#### [EXERCISE REQUIREMENTS]
Look through the data below and extract, unchanged, the lines from the one that contains "Western Blotting (WB) image for XiAP" to the one that contains "上海皮脂腺囊肿手术多少钱（皮脂腺囊肿手术多少钱）", both included.

#### [EXTRACTED ENTRIES]
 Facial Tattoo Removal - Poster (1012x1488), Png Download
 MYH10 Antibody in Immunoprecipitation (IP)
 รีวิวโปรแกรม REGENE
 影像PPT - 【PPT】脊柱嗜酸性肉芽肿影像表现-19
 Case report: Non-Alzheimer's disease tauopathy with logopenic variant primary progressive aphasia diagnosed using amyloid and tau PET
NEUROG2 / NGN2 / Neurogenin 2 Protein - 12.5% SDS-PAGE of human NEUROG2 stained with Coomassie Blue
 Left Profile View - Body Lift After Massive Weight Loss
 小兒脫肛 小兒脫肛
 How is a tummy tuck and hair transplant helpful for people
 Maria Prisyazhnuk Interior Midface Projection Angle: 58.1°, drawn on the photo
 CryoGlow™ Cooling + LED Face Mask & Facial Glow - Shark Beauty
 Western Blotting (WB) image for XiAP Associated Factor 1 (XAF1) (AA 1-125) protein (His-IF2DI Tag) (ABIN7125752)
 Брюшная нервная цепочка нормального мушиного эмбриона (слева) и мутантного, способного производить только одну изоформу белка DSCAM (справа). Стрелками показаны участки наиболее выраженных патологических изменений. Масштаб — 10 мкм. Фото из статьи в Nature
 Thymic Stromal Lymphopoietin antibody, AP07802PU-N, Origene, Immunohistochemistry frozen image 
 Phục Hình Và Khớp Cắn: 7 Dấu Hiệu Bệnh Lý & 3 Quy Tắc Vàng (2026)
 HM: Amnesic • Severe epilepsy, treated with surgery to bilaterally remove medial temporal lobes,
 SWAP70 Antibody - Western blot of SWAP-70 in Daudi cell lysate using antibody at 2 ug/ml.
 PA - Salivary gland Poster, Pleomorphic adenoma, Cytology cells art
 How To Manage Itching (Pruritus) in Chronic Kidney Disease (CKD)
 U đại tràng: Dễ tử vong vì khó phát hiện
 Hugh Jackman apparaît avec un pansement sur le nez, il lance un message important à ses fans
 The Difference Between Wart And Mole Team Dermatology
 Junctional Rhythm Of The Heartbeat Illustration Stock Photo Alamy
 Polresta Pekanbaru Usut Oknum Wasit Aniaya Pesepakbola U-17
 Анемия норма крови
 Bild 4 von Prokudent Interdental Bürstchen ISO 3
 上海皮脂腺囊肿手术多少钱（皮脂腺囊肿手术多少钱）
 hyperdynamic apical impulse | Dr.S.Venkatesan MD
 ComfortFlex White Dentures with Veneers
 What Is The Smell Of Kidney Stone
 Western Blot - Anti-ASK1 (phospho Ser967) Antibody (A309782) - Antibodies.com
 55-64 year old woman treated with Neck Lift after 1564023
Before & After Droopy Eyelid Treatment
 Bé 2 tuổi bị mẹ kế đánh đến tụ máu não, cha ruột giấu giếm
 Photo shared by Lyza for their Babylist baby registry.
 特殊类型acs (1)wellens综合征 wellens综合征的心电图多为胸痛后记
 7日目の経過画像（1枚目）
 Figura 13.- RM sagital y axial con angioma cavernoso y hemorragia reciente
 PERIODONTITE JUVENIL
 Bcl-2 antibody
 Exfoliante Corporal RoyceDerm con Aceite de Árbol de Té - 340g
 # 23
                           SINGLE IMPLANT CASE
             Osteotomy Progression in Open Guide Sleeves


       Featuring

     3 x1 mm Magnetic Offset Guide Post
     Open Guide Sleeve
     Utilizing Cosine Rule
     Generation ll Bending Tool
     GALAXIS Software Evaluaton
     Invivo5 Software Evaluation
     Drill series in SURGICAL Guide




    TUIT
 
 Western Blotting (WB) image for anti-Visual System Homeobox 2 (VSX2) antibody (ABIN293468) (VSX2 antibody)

#### [RESULT OF THIS EXERCISE]
 Western Blotting (WB) image for XiAP Associated Factor 1 (XAF1) (AA 1-125) protein (His-IF2DI Tag) (ABIN7125752)
 Брюшная нервная цепочка нормального мушиного эмбриона (слева) и мутантного, способного производить только одну изоформу белка DSCAM (справа). Стрелками показаны участки наиболее выраженных патологических изменений. Масштаб — 10 мкм. Фото из статьи в Nature
 Thymic Stromal Lymphopoietin antibody, AP07802PU-N, Origene, Immunohistochemistry frozen image 
 Phục Hình Và Khớp Cắn: 7 Dấu Hiệu Bệnh Lý & 3 Quy Tắc Vàng (2026)
 HM: Amnesic • Severe epilepsy, treated with surgery to bilaterally remove medial temporal lobes,
 SWAP70 Antibody - Western blot of SWAP-70 in Daudi cell lysate using antibody at 2 ug/ml.
 PA - Salivary gland Poster, Pleomorphic adenoma, Cytology cells art
 How To Manage Itching (Pruritus) in Chronic Kidney Disease (CKD)
 U đại tràng: Dễ tử vong vì khó phát hiện
 Hugh Jackman apparaît avec un pansement sur le nez, il lance un message important à ses fans
 The Difference Between Wart And Mole Team Dermatology
 Junctional Rhythm Of The Heartbeat Illustration Stock Photo Alamy
 Polresta Pekanbaru Usut Oknum Wasit Aniaya Pesepakbola U-17
 Анемия норма крови
 Bild 4 von Prokudent Interdental Bürstchen ISO 3
 上海皮脂腺囊肿手术多少钱（皮脂腺囊肿手术多少钱）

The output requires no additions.